Exercise brief
Would you please copy only the lines from the line that contains "Highland Clean Sport" to the end of the data below, exactly, leaving every picture out?

== Extracted information ==

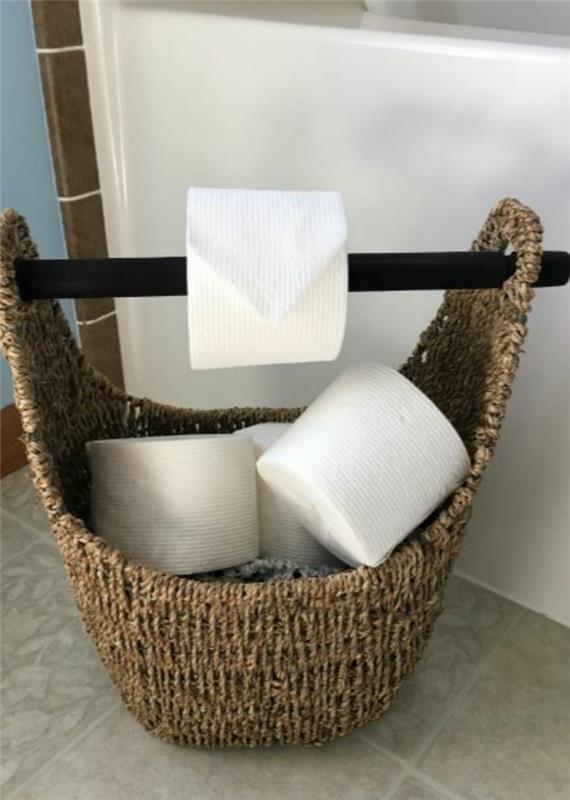 sisustusesimerkit paju korit rottinkikorit säilytyskorit korit hyllyille wc -paperi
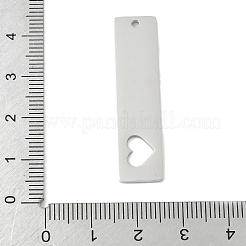 304ステンレスペンダント  ハートチャーム付き長方形  変色防止  レーザー切断  ステンレス鋼色  40x10x1.5mm  穴：1.6mm&nbsp;STAS-D365-02P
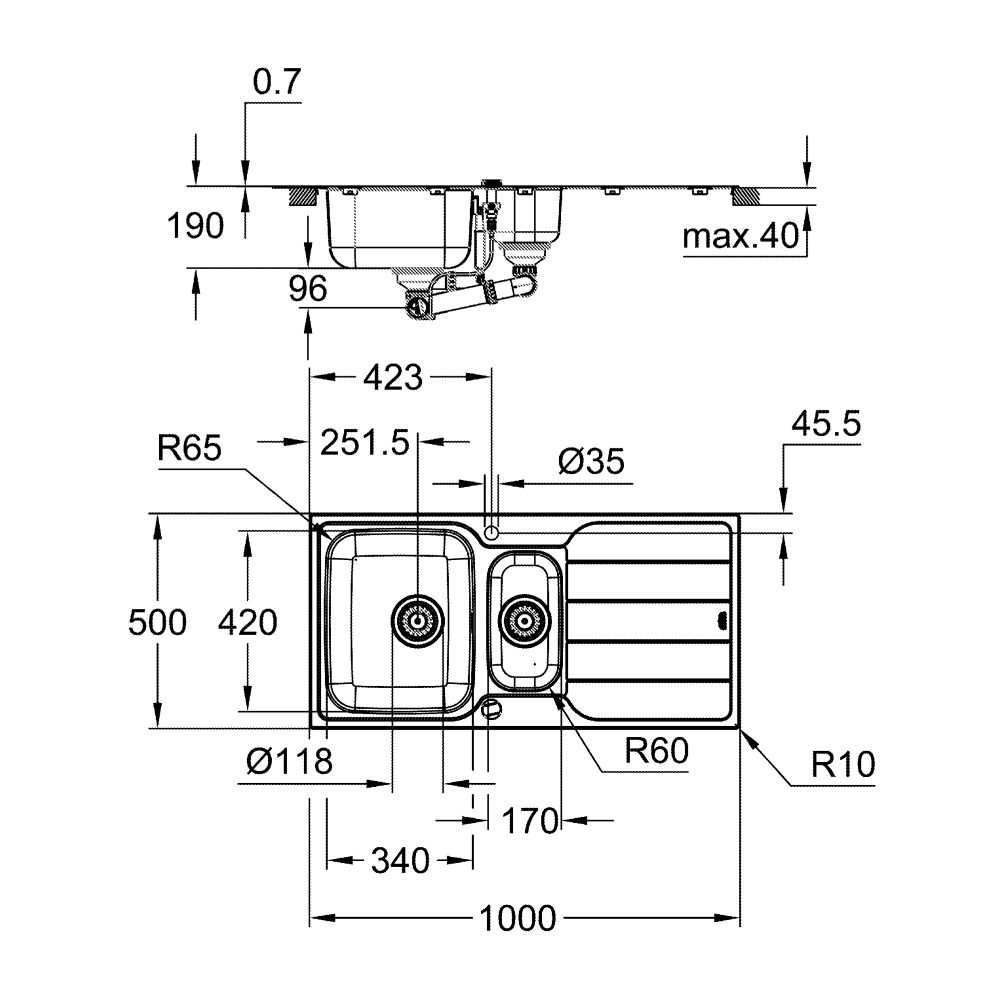 Мойка GROHE K500 с корзинчатым вентилем, нержавеющая сталь (31572SD1)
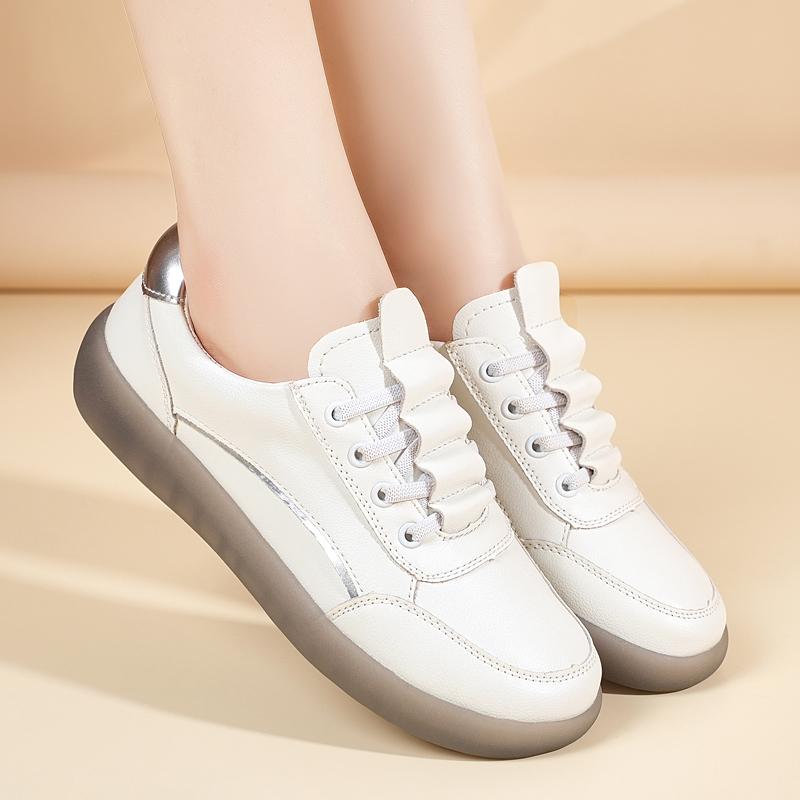 

Women s Sneakers White Leather Boots Platform Casual Shoes for Students EU:40 серебряный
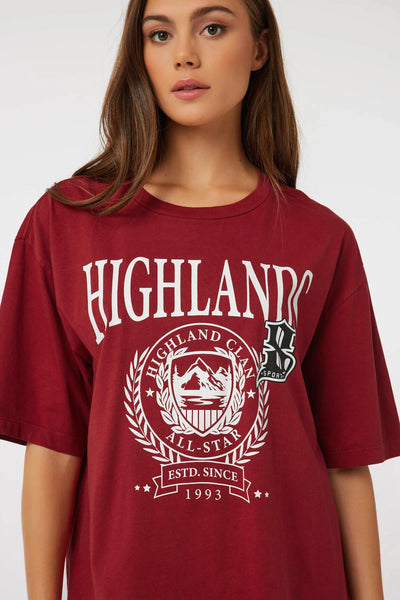 T-shirt "Rose + Vine" imprimé « Highland Clean Sport All-Star 1993 » rouge femme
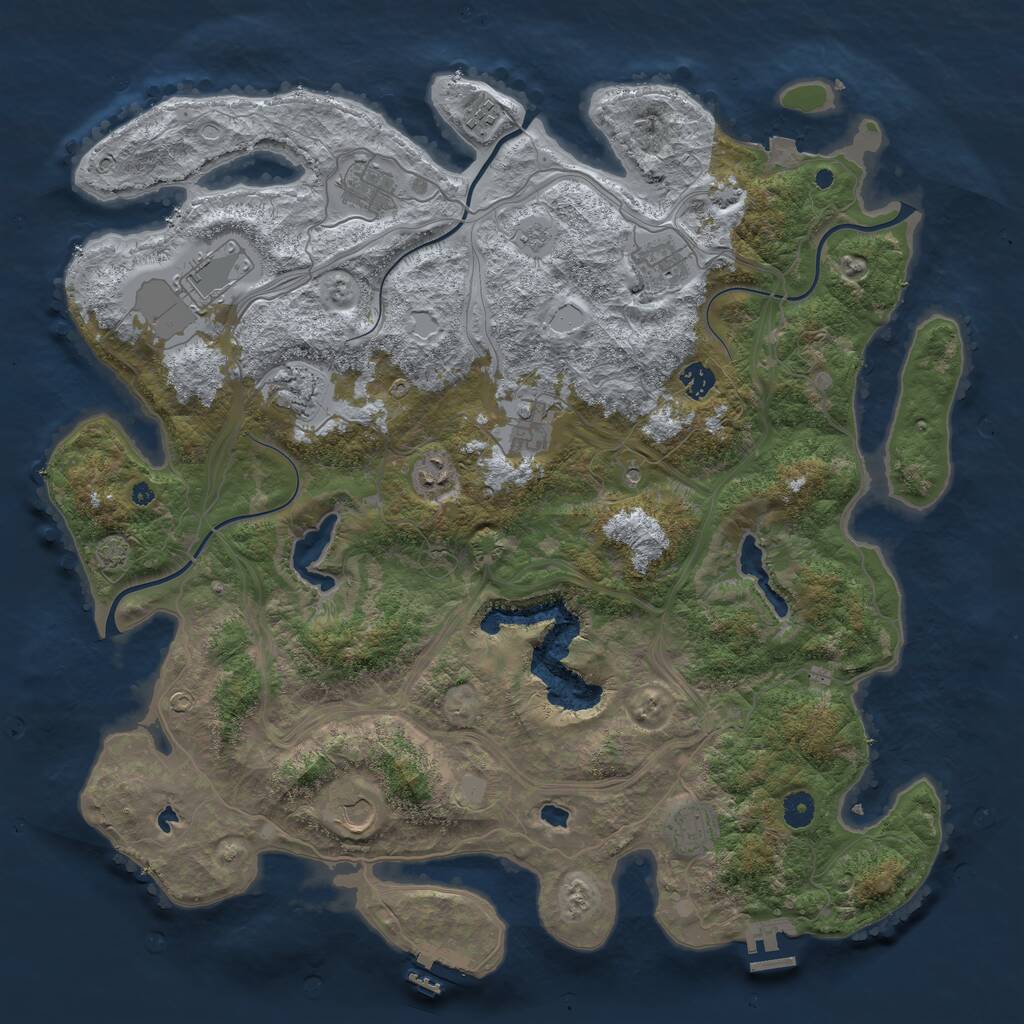 Rust Map: Procedural Map, Size: 4500, Seed: 1983740429, 16 Monuments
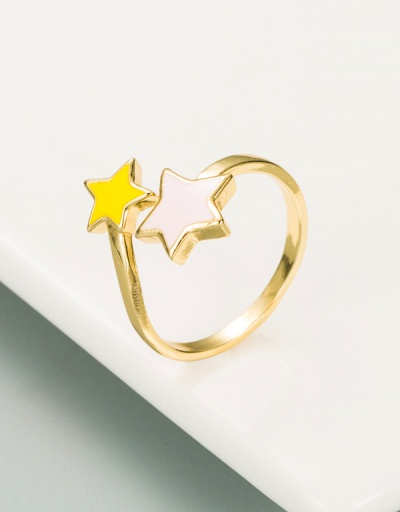 Replica Personality Design Dripping Oil Star Simple Ring #794531 $7.40 USD for Wholesale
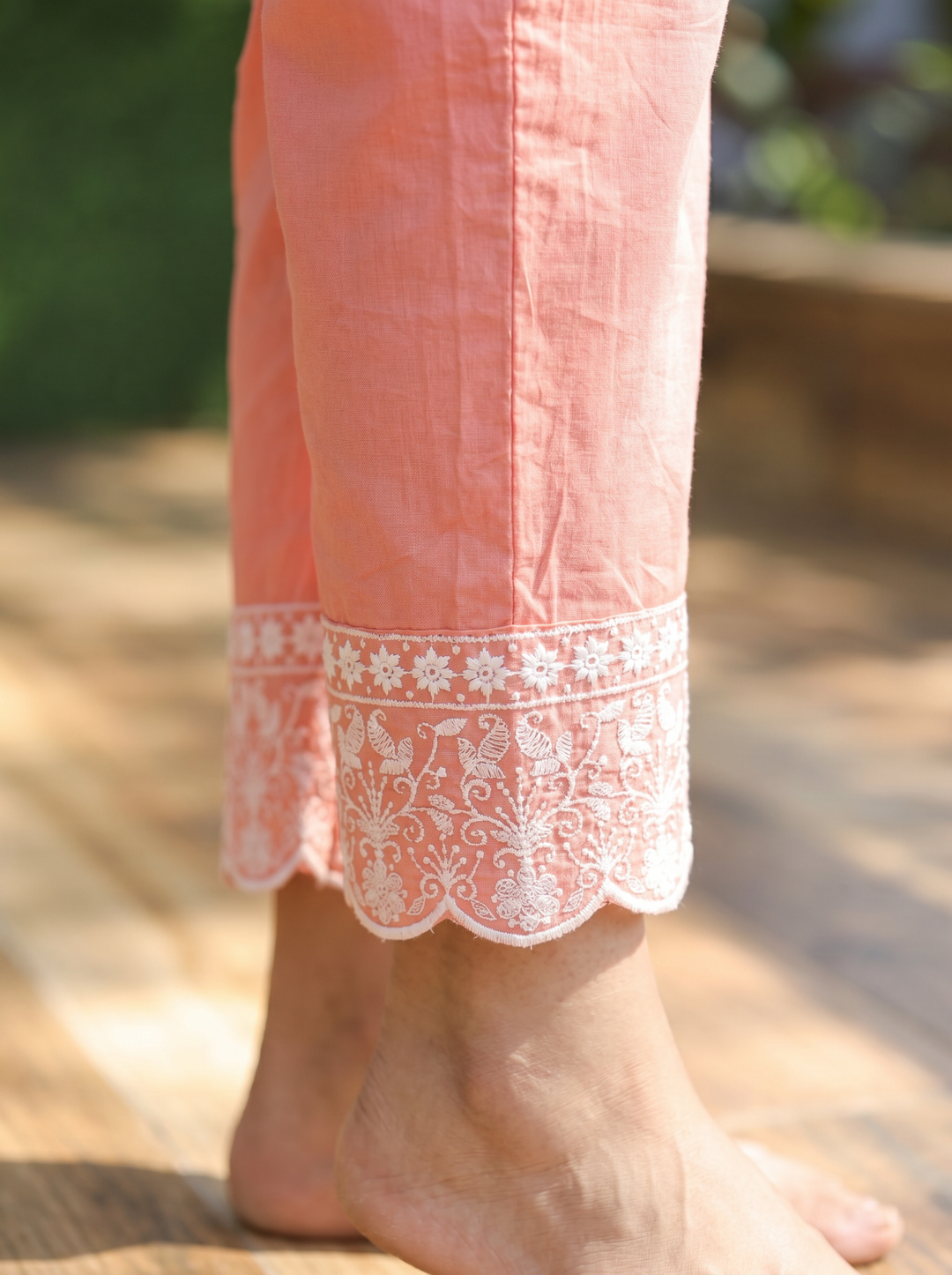 Rashmi Pastel Peach Anarkali Mul Cotton 3 Piece Set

===

Finished task
 T-shirt "Rose + Vine" imprimé « Highland Clean Sport All-Star 1993 » rouge femme
 Rust Map: Procedural Map, Size: 4500, Seed: 1983740429, 16 Monuments
 Replica Personality Design Dripping Oil Star Simple Ring #794531 $7.40 USD for Wholesale
 Rashmi Pastel Peach Anarkali Mul Cotton 3 Piece Set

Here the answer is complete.